Shashank Kishore is a senior sub-editor at ESPNcricinfo
The world champions are taking an early flight home from Nairobi.
Australia had beaten India in seven straight ODIs prior to this to be the outright favourites coming into the first quarter-final of the ICC Knockouts, but a young Indian team looking to emerge from the shadows of the match-fixing scandal made quite a statement.
Had new captain Sourav Ganguly stuck to his plan of dropping down to No. 4 and opening with rookie S Sriram to lengthen the middle order, Yuvraj may have not even had the opportunity to play. But he was talked out of the idea by the senior players and Anshuman Gaekwad, the head coach, and that set the stage for Yuvraj in what was his second ODI, but the first time he got to bat in an international.
Yuvraj's 84 off 80, which powered India to 265, stood out for many reasons. He was fearless, his ball-striking was clean, ability to pick gaps top-notch and his match-awareness - twice he was alert to possibilities of sneaking in an overthrow - allowed India the opportunity to claw back despite losing more wickets than comfortable ever since Sachin Tendulkar's quickfire start, where he got stuck into Glenn McGrath.
Even with Tendulkar, Ganguly and Rahul Dravid gone, Yuvraj didn't shelve his natural game. There was a punch to his shots that made it appear as if he wasn't nervous, the pull made multiple appearances and just his casual demeanour at the crease - not to be mistaken for laziness - gave you the impression that he had a lot of time to play hit shots. His partnerships of 40 and 64 with Vinod Kambli and Robin Singh respectively, helped arrest a middle order collapse.
But batting wasn't his only contribution on the night. A sensational diving catch while being airborne to send back pinch hitter Ian Harvey, and a potentially game-changing direct hit to run out Michael Bevan which came on the back of Ricky Ponting's wicket, turned the tide in India's favour. From a comfortable 159 for 3, Australia had slipped to 163 for 5.

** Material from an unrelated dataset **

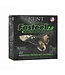 Kent BOX of Fasteel 2.0 Ammo - 12 GA, 2 3/4", 1 1/16 OZ, 1550 FPS, 25 Rounds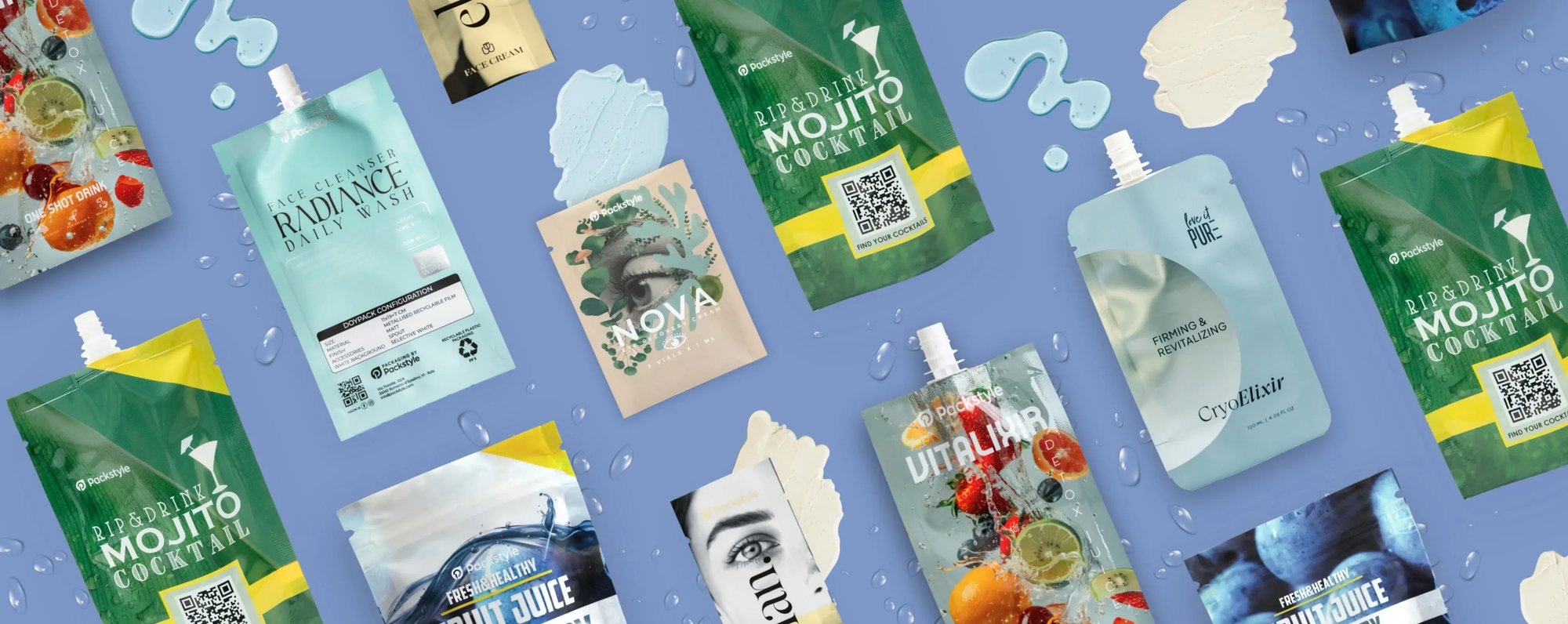 Copia di Herobanner mercato liquidi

Bevan had pushed the ball to mid-off and instinctively took off for a single, until he saw Yuvraj swoop in and effect a direct hit at the bowler's end to fall an inch or two short. Until then, Bevan had made an industrious 42, built around working the ball into the gaps and finding the odd boundary, making Ganguly's task that much tougher because India needed to identify a fifth bowler.
Ganguly turned to Tendulkar for his bag of offspin, legspin and a deceptive googly, and the move paid off. Ganguly got more than he would have bargained for, because Tendulkar not only sent down seven economical overs but also managed to dismiss Ponting. All summer, nine months ago, India hadn't come close to winning in Australia. This was their chance, but Australia still had the ice-cool Steve Waugh at the crease. Suddenly, the blazing start and the asking rate, which they were well ahead of courtesy fireworks up top from Adam Gilchrist, started to catch up.
Soon after Bevan and Ponting were dismissed, Damien Martyn was bowled off a Robin offcutter and the pressure was back on Australia. Most of the responsibility lay on Steve Waugh's shoulders, but the bulk of the scoring from there was done by Brett Lee, who took on Anil Kumble with a six over long-off, a sweep to the fine-leg boundary and a cut to point for four to collect 15 off the 41st over.
The match was poised with Australia needing 42 off 36 and three wickets in hand, but Khan's accurate line got rid of Steve Waugh when he made room and missed a length delivery, and Ajit Agarkar followed it with a wicket maiden that included Lee's scalp to edge India ahead again. Jason Gillespie's three fours off Agarkar in the 46th over gave India a scare again but he eventually handed a simple catch to Robin and India stormed into the semi-finals by stunning the world champions.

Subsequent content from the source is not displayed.